#### [Task to carry out]
Although the data below holds other lines too, output only those from the line with "Talbots Women's Vibrant Tweed Blazer" up to and including the line with "Cadeau de Noël", exactly as they appear.

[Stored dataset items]
.....

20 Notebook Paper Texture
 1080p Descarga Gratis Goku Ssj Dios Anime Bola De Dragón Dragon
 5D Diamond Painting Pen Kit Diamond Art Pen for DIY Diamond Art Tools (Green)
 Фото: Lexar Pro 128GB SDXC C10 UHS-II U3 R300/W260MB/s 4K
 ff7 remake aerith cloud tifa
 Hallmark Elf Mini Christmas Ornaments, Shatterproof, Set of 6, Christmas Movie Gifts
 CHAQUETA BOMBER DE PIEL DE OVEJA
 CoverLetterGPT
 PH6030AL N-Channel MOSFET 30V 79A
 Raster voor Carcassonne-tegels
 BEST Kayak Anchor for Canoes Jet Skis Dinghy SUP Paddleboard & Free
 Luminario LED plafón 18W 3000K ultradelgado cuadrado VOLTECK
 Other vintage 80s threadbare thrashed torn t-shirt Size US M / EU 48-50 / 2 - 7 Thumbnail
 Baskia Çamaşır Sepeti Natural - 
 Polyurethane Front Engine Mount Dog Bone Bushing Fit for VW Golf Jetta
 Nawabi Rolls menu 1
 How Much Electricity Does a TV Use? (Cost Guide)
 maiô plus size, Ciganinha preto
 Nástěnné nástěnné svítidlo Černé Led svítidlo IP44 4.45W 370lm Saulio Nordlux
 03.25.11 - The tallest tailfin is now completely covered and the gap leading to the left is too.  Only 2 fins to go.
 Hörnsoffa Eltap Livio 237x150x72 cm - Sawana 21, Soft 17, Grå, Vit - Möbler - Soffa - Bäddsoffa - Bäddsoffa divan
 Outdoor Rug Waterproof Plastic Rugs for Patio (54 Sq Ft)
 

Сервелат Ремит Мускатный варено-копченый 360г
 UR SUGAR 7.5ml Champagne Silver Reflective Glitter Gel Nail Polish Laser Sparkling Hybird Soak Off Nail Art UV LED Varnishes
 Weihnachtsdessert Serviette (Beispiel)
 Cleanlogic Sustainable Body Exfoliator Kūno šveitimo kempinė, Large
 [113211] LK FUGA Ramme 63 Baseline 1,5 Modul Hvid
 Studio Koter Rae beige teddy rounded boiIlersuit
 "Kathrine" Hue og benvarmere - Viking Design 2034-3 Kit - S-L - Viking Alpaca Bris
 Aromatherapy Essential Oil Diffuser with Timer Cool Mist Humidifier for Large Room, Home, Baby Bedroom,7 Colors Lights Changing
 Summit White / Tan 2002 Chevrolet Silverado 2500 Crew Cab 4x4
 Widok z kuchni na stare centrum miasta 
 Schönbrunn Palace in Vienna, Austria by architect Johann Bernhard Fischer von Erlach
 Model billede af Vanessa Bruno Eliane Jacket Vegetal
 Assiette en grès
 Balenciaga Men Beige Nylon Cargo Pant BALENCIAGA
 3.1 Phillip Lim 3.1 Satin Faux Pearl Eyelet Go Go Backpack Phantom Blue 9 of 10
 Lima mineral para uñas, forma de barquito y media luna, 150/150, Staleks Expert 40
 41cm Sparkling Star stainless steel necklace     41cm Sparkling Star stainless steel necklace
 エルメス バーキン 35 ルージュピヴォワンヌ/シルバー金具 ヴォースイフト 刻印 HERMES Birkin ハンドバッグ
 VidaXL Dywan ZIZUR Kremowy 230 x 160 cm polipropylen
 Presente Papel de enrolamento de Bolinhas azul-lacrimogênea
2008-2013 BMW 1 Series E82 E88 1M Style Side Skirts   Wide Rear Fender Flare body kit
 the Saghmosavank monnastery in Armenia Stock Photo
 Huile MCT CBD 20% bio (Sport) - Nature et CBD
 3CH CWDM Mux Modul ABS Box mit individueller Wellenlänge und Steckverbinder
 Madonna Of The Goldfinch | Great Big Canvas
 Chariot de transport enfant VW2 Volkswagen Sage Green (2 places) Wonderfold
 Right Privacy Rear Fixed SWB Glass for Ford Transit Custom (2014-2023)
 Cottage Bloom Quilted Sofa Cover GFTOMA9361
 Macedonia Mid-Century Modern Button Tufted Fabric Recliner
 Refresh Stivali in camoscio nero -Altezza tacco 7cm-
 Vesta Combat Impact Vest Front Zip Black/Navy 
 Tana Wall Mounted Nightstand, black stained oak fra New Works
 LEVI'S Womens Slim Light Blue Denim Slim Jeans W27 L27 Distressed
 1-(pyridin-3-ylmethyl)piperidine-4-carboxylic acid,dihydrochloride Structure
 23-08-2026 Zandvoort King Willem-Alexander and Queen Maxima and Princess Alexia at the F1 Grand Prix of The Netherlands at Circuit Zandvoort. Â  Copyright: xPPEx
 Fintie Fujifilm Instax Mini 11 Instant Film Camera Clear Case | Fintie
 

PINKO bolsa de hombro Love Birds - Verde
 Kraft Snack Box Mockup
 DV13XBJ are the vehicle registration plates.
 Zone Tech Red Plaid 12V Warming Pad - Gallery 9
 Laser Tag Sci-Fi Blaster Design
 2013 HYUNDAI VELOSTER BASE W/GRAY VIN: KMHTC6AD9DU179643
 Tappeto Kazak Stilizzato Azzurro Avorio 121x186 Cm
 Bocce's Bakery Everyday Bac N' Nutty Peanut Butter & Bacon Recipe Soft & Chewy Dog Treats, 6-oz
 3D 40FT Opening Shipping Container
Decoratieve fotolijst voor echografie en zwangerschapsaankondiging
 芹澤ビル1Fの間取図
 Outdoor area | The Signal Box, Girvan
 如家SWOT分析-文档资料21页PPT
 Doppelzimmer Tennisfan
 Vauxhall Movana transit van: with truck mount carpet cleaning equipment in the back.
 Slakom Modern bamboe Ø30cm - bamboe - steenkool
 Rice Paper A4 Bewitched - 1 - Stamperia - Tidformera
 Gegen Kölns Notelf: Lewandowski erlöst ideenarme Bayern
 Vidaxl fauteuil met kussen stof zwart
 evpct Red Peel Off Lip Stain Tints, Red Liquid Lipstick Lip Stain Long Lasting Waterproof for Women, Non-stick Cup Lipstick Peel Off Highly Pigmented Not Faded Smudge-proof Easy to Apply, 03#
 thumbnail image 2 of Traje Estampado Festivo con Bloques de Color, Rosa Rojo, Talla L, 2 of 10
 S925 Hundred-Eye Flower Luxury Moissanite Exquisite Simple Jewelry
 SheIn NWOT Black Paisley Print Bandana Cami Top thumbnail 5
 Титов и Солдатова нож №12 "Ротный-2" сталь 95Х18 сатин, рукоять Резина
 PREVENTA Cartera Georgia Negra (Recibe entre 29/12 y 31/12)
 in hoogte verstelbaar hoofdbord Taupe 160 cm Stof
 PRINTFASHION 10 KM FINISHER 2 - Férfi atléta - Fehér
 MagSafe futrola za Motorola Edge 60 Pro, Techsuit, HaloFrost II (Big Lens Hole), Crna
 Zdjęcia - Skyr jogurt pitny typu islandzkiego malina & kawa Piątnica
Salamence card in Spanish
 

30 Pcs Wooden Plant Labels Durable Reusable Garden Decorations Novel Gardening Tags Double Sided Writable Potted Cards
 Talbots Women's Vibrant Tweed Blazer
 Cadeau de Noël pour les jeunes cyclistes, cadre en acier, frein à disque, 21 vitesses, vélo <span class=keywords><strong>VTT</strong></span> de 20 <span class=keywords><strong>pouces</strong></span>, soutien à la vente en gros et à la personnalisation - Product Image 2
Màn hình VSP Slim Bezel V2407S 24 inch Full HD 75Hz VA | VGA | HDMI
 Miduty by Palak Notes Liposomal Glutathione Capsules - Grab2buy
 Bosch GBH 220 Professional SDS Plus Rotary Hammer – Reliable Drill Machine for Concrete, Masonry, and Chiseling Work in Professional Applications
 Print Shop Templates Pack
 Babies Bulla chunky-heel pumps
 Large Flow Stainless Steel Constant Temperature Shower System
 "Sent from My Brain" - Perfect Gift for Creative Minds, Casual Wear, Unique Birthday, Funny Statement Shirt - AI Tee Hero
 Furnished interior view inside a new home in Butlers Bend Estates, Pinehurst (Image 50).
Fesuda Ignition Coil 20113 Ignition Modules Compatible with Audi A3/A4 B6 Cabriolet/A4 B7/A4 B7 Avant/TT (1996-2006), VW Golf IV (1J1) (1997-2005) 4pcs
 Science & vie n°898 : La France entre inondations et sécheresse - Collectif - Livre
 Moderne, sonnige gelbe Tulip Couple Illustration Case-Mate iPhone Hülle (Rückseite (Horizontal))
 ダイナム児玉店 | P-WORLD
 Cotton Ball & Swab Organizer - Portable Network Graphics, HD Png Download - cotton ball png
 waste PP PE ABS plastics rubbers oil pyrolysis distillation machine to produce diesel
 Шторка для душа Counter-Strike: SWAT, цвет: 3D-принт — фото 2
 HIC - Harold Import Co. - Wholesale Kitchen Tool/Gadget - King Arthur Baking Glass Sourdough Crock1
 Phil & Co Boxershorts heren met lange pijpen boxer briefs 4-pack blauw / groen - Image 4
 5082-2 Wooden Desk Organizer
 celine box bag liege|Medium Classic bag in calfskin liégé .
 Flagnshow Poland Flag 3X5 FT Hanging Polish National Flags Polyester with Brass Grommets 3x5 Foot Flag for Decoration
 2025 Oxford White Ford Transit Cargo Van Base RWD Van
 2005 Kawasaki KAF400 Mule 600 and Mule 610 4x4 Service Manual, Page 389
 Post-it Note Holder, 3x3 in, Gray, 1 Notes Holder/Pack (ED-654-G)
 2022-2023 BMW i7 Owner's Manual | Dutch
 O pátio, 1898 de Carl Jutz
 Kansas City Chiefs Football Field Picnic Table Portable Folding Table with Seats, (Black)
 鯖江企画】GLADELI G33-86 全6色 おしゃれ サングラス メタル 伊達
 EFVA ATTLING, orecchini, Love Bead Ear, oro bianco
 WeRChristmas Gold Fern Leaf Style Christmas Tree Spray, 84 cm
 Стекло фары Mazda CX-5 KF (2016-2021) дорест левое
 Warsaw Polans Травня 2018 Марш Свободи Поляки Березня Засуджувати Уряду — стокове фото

.....

#### [Output of the task]
 Talbots Women's Vibrant Tweed Blazer
 Cadeau de Noël pour les jeunes cyclistes, cadre en acier, frein à disque, 21 vitesses, vélo <span class=keywords><strong>VTT</strong></span> de 20 <span class=keywords><strong>pouces</strong></span>, soutien à la vente en gros et à la personnalisation - Product Image 2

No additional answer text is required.